It’s easy to judge something when you don’t get it, when you haven’t been there, when you don’t understand the value of it because it’s never meant anything to you personally. This is where I was wrong, and I admit my error. I think in general if you don’t open yourself up to new experiences, you will never know how rewarding they can be. I was very rigid and single-minded for a long time; my personal life wasn’t as full because of that, and, consequently, my writing wasn’t as good either.

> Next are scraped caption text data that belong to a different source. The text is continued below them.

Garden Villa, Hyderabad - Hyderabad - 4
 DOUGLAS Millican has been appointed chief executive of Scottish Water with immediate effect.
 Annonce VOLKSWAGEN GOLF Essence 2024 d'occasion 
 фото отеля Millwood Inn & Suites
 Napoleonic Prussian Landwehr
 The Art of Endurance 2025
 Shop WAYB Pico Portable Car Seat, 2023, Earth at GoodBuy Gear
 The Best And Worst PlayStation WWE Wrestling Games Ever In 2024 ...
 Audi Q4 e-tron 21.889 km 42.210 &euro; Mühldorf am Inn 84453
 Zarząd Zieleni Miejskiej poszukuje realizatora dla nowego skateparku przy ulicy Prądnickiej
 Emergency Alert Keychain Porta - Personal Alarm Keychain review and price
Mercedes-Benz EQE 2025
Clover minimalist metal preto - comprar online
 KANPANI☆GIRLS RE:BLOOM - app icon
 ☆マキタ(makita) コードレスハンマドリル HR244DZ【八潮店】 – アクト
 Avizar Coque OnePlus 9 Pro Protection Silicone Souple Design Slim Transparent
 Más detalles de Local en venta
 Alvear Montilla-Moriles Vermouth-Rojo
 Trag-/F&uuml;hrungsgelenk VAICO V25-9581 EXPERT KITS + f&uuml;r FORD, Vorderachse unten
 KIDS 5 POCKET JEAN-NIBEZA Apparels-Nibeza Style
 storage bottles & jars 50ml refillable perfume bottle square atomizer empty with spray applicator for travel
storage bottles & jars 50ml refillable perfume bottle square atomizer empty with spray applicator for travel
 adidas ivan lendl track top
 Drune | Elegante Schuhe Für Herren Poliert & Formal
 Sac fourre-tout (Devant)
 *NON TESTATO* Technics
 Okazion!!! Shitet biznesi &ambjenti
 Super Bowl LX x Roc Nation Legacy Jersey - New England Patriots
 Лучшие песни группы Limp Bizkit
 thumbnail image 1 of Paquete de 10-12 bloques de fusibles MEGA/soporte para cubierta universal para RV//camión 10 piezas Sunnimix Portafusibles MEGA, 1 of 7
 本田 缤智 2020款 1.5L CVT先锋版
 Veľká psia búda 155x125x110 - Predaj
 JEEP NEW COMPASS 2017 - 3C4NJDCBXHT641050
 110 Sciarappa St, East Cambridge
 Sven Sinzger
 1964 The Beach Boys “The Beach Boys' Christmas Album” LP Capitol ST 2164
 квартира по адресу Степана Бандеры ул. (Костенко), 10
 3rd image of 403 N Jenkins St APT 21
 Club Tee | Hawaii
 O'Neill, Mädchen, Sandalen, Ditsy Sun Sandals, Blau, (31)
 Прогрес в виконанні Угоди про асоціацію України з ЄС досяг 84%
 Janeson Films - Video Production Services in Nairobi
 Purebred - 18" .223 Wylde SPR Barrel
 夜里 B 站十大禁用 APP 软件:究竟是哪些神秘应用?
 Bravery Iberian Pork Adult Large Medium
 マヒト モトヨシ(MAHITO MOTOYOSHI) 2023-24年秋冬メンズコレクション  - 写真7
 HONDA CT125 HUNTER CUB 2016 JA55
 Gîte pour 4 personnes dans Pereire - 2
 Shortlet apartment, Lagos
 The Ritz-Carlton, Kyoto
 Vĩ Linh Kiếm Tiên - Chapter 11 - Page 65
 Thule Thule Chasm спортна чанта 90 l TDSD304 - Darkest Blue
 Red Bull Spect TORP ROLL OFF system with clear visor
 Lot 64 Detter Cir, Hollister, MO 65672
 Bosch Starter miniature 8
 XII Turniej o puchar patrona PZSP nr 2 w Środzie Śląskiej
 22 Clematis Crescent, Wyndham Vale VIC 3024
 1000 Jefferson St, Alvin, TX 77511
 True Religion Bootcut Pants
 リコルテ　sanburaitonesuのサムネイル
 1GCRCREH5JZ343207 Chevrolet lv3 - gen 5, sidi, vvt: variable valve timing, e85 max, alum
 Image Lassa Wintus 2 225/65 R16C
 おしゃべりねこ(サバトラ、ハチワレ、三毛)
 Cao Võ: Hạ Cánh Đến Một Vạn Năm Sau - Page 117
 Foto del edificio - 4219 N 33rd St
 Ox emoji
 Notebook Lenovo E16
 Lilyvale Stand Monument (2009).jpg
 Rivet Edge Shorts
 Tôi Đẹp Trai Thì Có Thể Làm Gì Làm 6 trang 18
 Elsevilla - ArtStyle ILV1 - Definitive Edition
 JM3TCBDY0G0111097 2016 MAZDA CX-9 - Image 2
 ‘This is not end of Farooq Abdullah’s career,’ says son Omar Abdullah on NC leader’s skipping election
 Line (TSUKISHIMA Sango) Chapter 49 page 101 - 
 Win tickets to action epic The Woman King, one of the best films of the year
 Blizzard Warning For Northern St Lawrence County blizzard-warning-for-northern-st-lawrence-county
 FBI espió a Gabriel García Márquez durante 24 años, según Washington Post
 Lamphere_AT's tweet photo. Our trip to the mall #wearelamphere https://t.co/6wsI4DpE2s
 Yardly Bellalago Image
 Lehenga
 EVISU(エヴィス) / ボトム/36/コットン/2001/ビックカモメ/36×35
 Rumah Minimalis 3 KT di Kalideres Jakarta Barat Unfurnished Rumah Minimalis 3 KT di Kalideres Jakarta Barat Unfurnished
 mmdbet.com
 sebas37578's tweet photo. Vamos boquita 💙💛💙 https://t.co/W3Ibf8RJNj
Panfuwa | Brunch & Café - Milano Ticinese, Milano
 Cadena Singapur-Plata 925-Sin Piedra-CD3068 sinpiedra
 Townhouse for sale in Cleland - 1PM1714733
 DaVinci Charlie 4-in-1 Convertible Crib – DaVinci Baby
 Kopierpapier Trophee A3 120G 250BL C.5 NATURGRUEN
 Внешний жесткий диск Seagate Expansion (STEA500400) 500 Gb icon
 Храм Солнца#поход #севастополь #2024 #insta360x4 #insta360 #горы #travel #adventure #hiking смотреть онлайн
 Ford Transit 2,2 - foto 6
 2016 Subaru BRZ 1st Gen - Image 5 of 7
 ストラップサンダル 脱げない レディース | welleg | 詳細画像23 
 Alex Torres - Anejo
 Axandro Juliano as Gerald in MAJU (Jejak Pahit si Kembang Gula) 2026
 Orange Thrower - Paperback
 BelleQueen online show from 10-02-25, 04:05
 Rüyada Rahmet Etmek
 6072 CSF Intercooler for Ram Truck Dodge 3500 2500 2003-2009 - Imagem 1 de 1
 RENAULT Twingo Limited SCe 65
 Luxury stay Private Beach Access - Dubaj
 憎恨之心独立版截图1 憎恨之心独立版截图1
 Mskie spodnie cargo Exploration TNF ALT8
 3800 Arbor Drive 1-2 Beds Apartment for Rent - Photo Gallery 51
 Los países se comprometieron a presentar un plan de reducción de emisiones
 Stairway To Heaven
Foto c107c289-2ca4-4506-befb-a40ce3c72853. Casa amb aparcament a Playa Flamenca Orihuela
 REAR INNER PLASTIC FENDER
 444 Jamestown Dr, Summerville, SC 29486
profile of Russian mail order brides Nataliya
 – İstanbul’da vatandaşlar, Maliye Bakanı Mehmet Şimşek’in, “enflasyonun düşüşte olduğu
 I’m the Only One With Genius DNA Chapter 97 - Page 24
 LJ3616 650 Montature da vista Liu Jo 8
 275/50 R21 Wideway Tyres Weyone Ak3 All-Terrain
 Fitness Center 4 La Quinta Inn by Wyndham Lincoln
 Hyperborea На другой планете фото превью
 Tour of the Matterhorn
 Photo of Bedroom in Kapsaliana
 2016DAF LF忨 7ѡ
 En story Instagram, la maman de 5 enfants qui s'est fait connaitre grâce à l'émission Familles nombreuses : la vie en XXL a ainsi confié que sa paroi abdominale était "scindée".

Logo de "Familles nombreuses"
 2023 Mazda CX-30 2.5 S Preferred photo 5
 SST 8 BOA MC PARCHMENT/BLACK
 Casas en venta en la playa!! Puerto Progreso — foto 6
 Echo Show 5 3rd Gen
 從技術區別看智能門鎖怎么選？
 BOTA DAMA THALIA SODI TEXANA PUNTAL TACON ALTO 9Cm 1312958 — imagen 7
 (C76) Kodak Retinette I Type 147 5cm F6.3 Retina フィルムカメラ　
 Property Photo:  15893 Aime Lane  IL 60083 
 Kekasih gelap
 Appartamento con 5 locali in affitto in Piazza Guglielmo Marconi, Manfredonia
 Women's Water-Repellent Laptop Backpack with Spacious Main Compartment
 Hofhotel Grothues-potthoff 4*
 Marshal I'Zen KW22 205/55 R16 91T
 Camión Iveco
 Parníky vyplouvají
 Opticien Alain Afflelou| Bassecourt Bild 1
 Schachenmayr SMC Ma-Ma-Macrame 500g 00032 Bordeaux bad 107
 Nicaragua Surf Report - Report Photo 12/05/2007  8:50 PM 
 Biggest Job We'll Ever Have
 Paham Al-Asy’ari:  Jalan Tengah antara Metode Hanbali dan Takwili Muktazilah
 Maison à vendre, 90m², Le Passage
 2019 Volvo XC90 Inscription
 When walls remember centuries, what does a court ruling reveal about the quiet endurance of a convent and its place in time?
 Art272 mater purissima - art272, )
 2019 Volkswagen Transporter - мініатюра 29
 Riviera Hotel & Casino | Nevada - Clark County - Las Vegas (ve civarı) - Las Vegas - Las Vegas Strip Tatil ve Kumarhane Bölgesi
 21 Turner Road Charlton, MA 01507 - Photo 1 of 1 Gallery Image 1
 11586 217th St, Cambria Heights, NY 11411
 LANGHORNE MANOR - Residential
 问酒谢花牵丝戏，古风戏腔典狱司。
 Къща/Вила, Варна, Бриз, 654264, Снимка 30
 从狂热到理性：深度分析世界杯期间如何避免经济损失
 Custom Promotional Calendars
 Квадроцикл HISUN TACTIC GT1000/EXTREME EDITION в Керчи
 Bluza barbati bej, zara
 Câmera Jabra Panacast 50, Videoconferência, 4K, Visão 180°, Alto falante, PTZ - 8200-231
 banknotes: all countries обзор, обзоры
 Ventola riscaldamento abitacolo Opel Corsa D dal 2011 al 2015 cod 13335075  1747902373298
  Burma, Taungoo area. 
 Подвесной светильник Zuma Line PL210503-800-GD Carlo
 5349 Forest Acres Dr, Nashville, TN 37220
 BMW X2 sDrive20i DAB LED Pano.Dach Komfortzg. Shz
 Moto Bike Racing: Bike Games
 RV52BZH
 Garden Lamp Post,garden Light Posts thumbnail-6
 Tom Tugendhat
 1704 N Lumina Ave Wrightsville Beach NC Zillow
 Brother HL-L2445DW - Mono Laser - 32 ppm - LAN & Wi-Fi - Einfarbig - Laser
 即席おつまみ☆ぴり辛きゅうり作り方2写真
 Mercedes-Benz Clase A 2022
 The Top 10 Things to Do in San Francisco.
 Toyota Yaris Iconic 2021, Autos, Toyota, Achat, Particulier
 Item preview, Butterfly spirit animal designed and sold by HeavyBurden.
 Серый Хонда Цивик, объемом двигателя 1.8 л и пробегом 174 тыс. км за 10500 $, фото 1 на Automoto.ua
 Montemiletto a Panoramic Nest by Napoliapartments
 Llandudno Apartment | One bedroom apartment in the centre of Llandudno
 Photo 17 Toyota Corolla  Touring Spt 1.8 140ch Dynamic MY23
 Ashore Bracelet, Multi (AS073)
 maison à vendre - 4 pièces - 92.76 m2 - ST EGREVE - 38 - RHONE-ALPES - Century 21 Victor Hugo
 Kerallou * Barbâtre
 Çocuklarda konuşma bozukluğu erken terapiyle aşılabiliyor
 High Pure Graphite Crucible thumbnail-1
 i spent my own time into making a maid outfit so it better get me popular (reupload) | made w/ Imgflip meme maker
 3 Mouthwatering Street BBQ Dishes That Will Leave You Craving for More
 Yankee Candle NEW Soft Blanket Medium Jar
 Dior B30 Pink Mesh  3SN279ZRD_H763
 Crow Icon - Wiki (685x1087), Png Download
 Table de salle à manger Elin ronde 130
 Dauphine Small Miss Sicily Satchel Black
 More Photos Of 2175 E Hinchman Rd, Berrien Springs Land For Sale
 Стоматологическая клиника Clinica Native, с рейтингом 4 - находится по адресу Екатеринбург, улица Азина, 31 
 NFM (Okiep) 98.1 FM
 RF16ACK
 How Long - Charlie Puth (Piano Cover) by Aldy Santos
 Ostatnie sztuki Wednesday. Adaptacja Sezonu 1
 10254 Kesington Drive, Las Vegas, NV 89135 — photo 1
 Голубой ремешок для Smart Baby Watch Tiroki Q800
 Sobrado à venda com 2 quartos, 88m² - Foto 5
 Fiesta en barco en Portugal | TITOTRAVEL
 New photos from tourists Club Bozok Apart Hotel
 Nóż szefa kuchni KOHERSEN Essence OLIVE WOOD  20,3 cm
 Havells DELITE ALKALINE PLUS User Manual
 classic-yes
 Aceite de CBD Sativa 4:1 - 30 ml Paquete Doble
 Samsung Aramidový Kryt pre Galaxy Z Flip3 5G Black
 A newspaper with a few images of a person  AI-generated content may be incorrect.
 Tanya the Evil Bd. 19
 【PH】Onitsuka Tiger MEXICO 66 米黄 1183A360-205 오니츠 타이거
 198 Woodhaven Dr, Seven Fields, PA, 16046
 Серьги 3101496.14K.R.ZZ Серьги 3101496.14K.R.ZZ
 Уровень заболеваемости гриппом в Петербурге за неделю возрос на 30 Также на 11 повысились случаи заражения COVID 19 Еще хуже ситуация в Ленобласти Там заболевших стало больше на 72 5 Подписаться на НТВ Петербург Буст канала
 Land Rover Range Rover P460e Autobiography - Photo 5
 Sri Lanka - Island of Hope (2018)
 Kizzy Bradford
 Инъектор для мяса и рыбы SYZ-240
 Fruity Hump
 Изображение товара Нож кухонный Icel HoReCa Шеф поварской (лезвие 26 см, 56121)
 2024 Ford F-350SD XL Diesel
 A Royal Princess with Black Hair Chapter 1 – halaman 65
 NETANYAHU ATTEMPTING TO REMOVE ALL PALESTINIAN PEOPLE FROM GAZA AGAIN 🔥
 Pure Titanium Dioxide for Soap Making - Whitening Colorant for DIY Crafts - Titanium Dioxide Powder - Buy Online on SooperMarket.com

For a long time, I wanted to be a serious writer, and I thought being a serious writer meant being like the writers I read in school. I thought being a serious writer—being a successful writer—meant that people would be critically analyzing my works in literary classes a hundred years from now. I thought that meant that my work had to have the transcendent, all-knowing quality of the complicated stuff that got published in literary magazines. I thought, at the very least, that meant I wrote deep, meaningful commentary on current issues in society. But that’s a tall order for anyone, and it’s certainly a tall order when you’re in your mid-twenties, working your first job and still living with your parents, which I was at the time that I began writing my first fanfic.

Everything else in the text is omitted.